> Excerpted data
──────
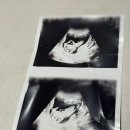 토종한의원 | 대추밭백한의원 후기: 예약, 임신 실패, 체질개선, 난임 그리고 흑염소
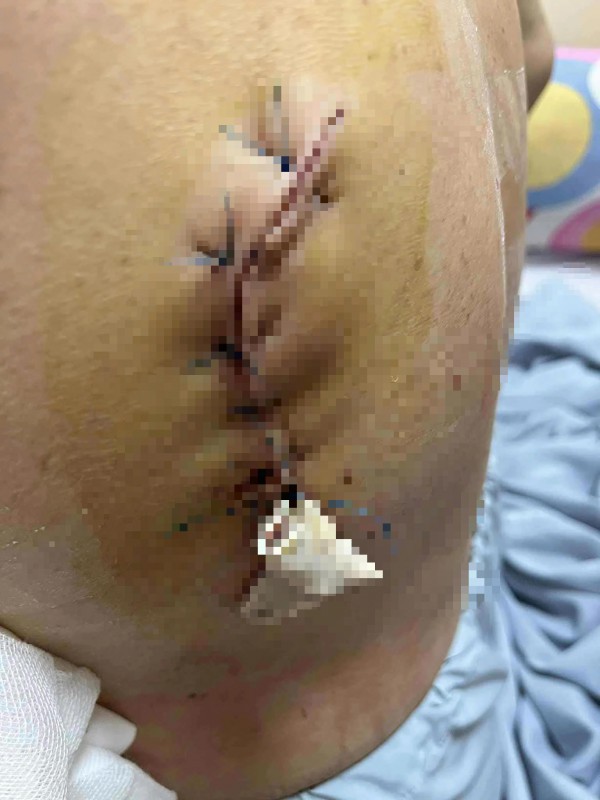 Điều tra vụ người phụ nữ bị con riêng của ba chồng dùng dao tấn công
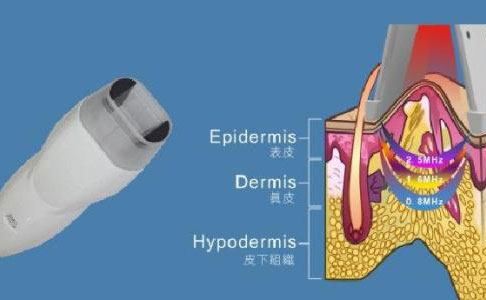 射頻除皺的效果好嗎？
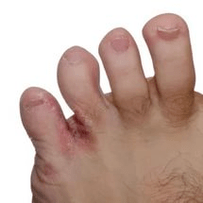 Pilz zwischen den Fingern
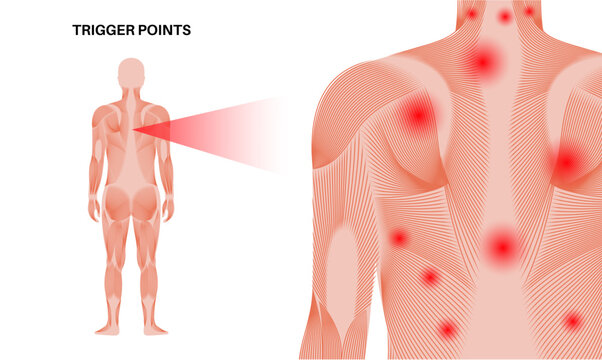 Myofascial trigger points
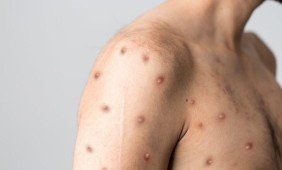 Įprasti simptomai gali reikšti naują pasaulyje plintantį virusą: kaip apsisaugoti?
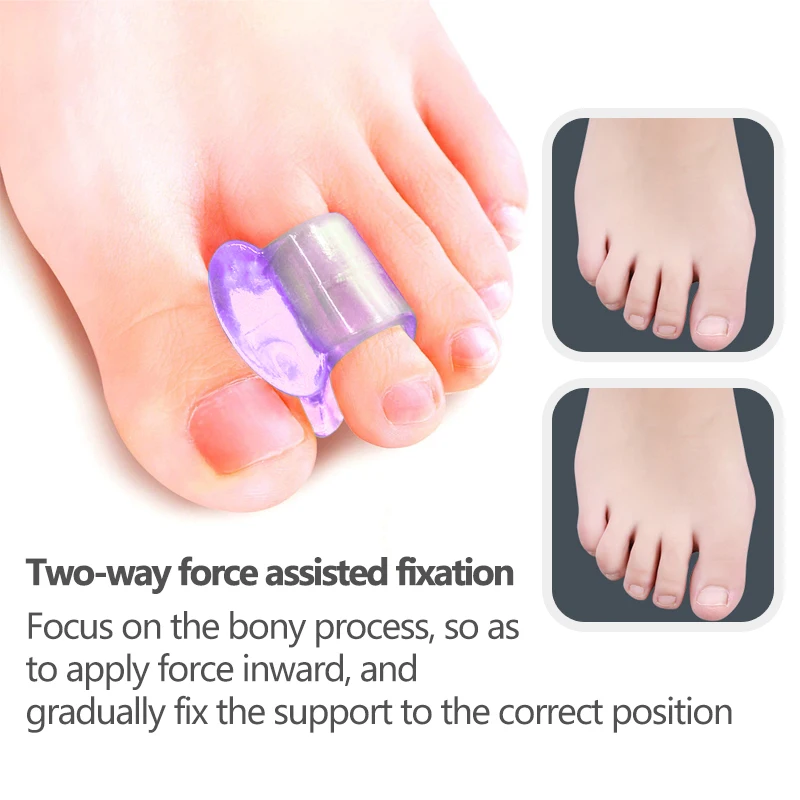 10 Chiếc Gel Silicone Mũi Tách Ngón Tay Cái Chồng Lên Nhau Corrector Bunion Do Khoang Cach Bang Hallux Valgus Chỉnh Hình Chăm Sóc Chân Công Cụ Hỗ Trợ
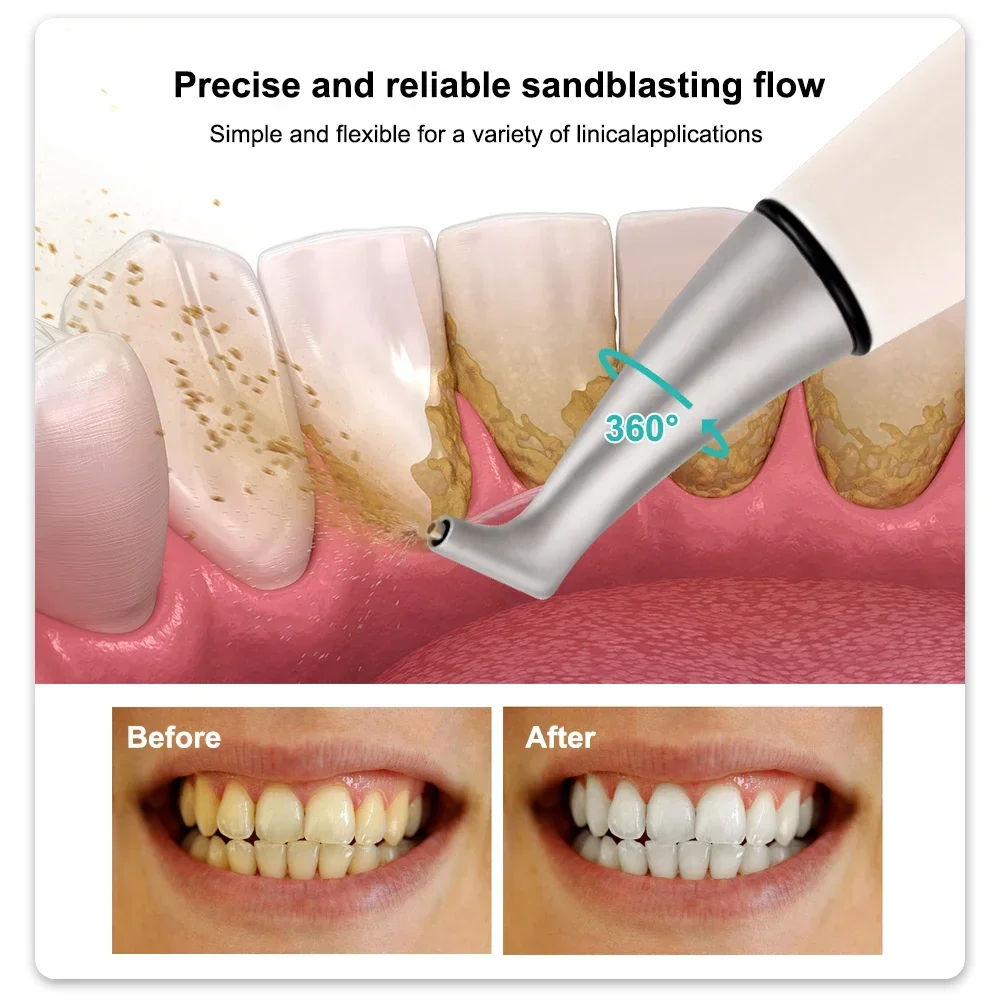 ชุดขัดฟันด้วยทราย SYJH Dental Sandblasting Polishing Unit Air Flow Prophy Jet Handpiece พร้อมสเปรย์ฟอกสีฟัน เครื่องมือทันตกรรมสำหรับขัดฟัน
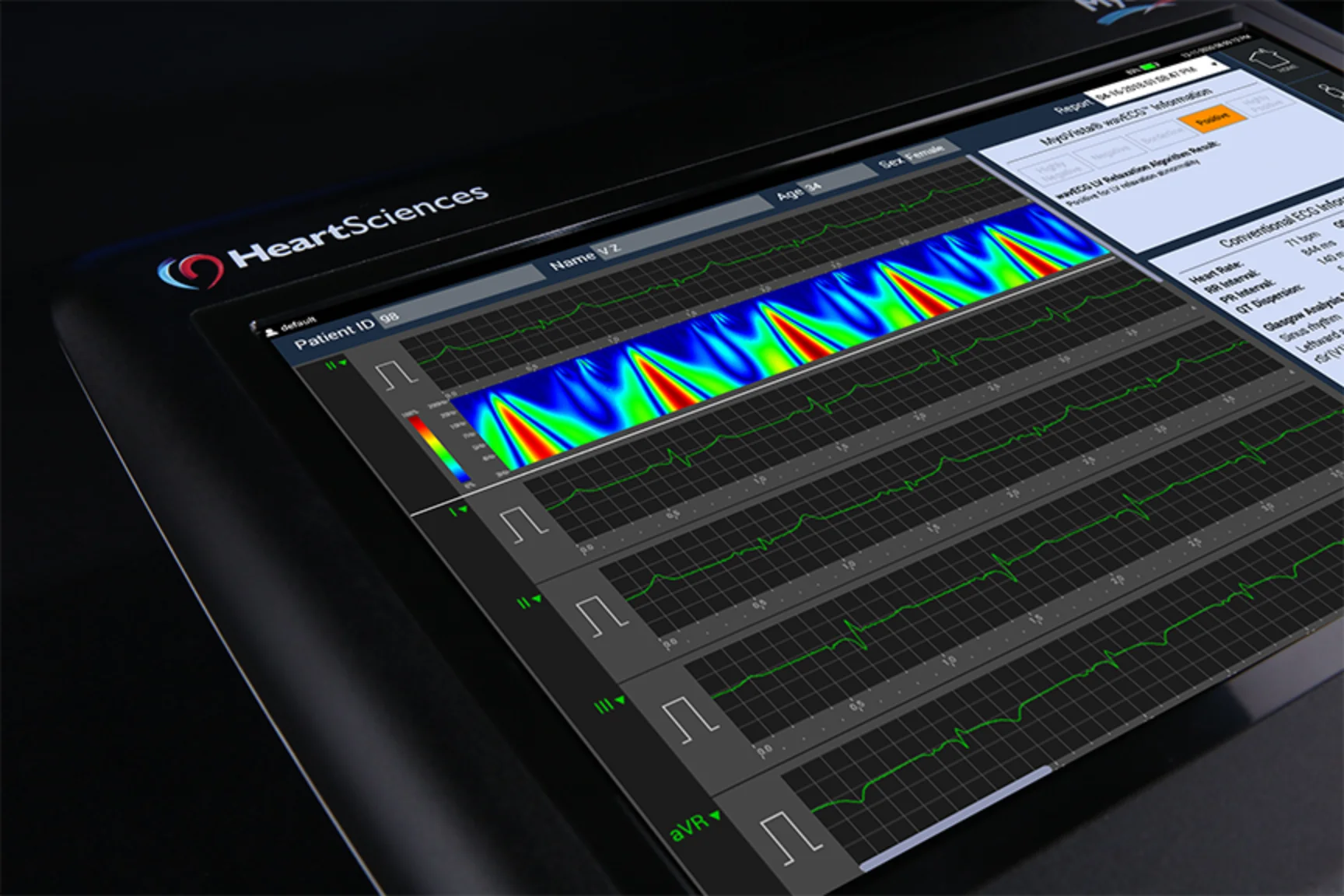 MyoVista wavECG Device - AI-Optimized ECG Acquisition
──────
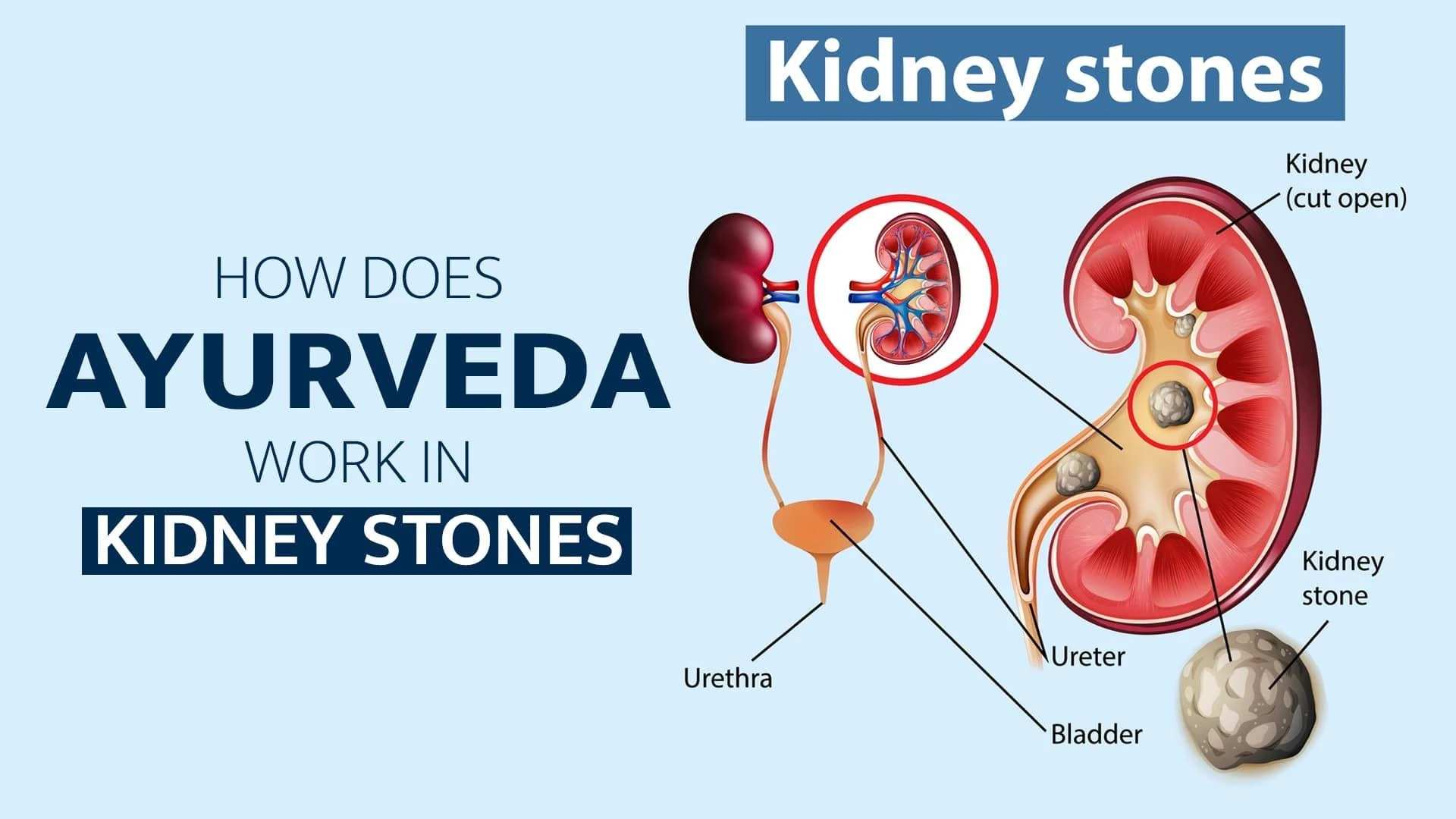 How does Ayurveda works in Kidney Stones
──────
> Directions for this task
"Điều tra vụ" marks the first line to copy, and "MyoVista wavECG Device" marks the last. Repeat that stretch above exactly, with no pictures.

> Problem solution
 Điều tra vụ người phụ nữ bị con riêng của ba chồng dùng dao tấn công
 射頻除皺的效果好嗎？
 Pilz zwischen den Fingern
 Myofascial trigger points
 Įprasti simptomai gali reikšti naują pasaulyje plintantį virusą: kaip apsisaugoti?
 10 Chiếc Gel Silicone Mũi Tách Ngón Tay Cái Chồng Lên Nhau Corrector Bunion Do Khoang Cach Bang Hallux Valgus Chỉnh Hình Chăm Sóc Chân Công Cụ Hỗ Trợ
 ชุดขัดฟันด้วยทราย SYJH Dental Sandblasting Polishing Unit Air Flow Prophy Jet Handpiece พร้อมสเปรย์ฟอกสีฟัน เครื่องมือทันตกรรมสำหรับขัดฟัน
 MyoVista wavECG Device - AI-Optimized ECG Acquisition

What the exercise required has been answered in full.